**Dataset extract**.
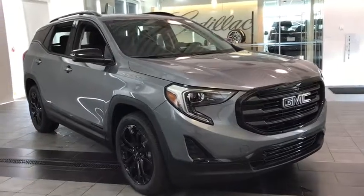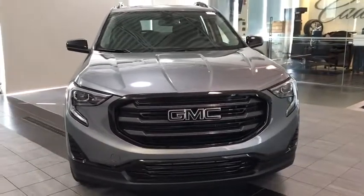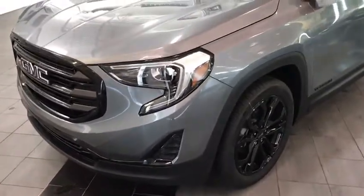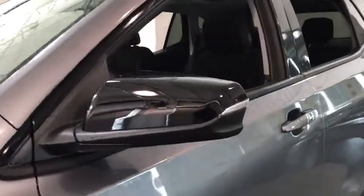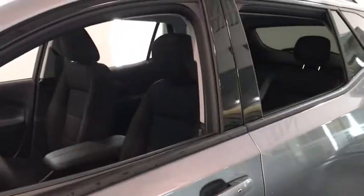Come test drive the 2020 GMC Terrain. The GMC Terrain combines the benefits of a crossover with the style and functionality of an SUV. Terrain offers uncompromised capability, a balanced stance, and a commanding view of the road, letting occupants enjoy a confident driving experience. And an EPA-estimated 32 highway MPG is not bad either.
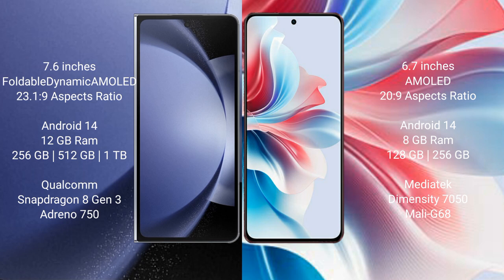Samsung Galaxy Z Fold 6 runs on the Android 14 operating system. Oppo F25 Pro also runs on the Android 14 operating system.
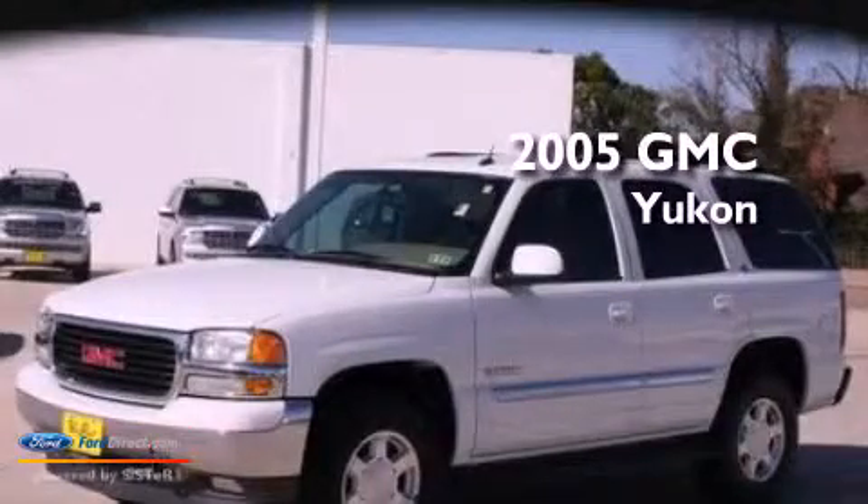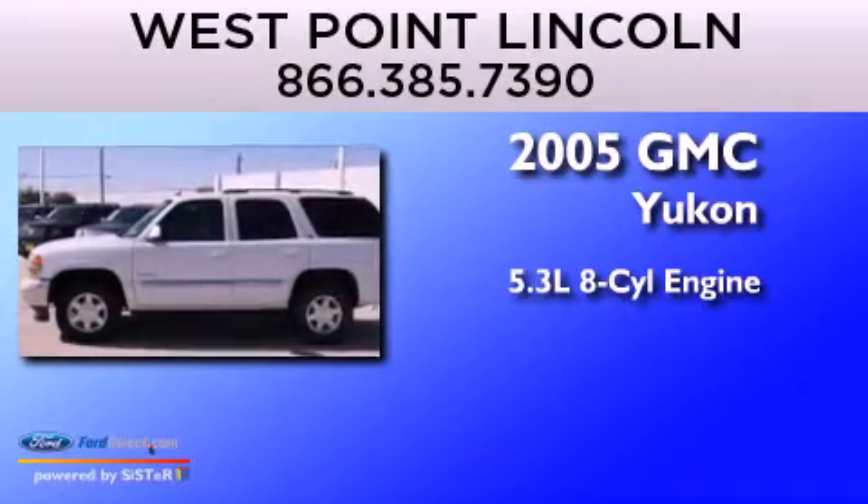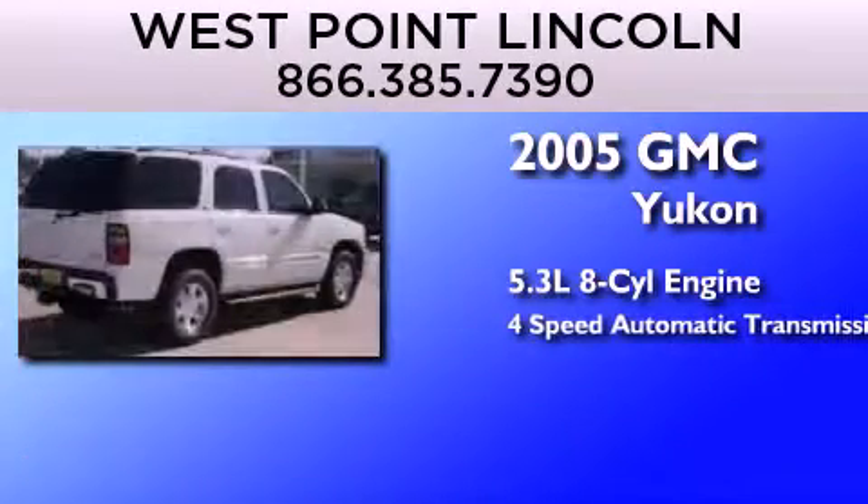This is a 2005 GMC Yukon. It features a 5.3-liter, eight-cylinder engine and a four-speed automatic transmission.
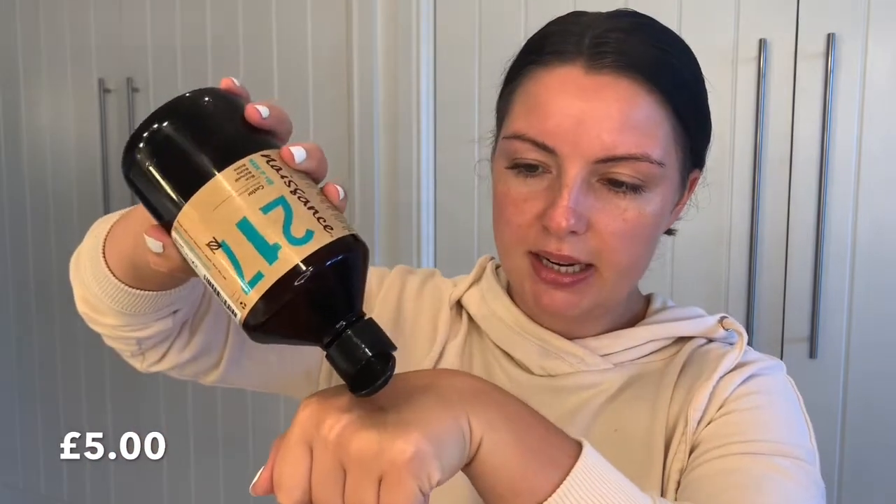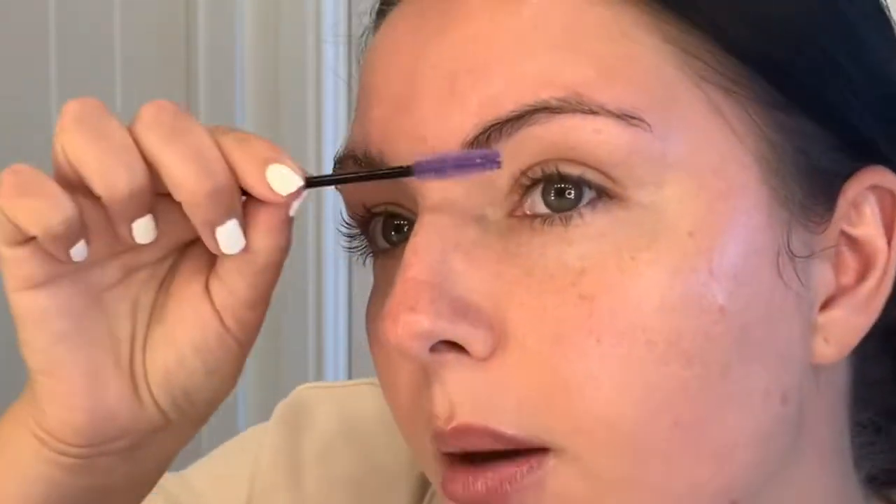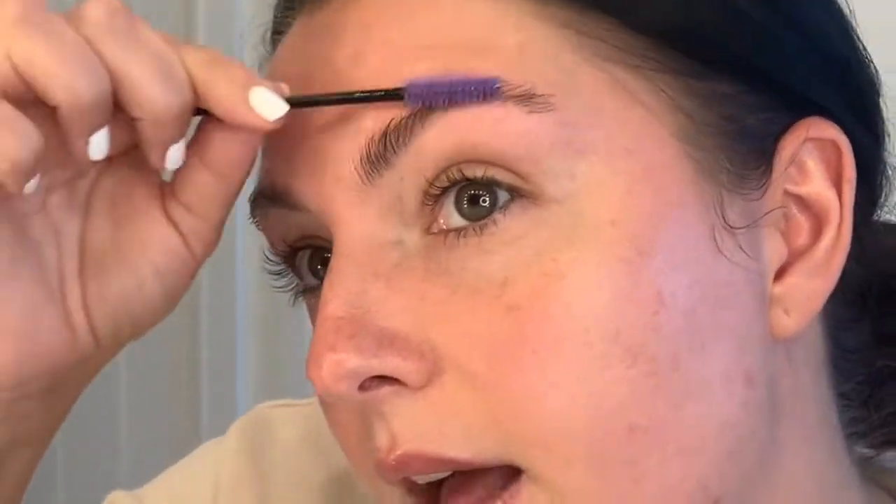I then use castor oil on my eyebrows. I put a tiny little blob on my hand, grab a spoolie, rub it in, and push all my eyebrow hairs upwards. You can do this either morning or night. It's really good for your brows — I've actually noticed my hair starting to grow back on the ends and in the middle of my brows, which is what I wanted. Whatever is left I normally just run through my lashes.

**Exercise**.
Make an exact reproduction of the listing above, without any pictures.

**Answer section**.
Come test drive the 2020 GMC Terrain. The GMC Terrain combines the benefits of a crossover with the style and functionality of an SUV. Terrain offers uncompromised capability, a balanced stance, and a commanding view of the road, letting occupants enjoy a confident driving experience. And an EPA-estimated 32 highway MPG is not bad either.
Samsung Galaxy Z Fold 6 runs on the Android 14 operating system. Oppo F25 Pro also runs on the Android 14 operating system.
This is a 2005 GMC Yukon. It features a 5.3-liter, eight-cylinder engine and a four-speed automatic transmission.
I then use castor oil on my eyebrows. I put a tiny little blob on my hand, grab a spoolie, rub it in, and push all my eyebrow hairs upwards. You can do this either morning or night. It's really good for your brows — I've actually noticed my hair starting to grow back on the ends and in the middle of my brows, which is what I wanted. Whatever is left I normally just run through my lashes.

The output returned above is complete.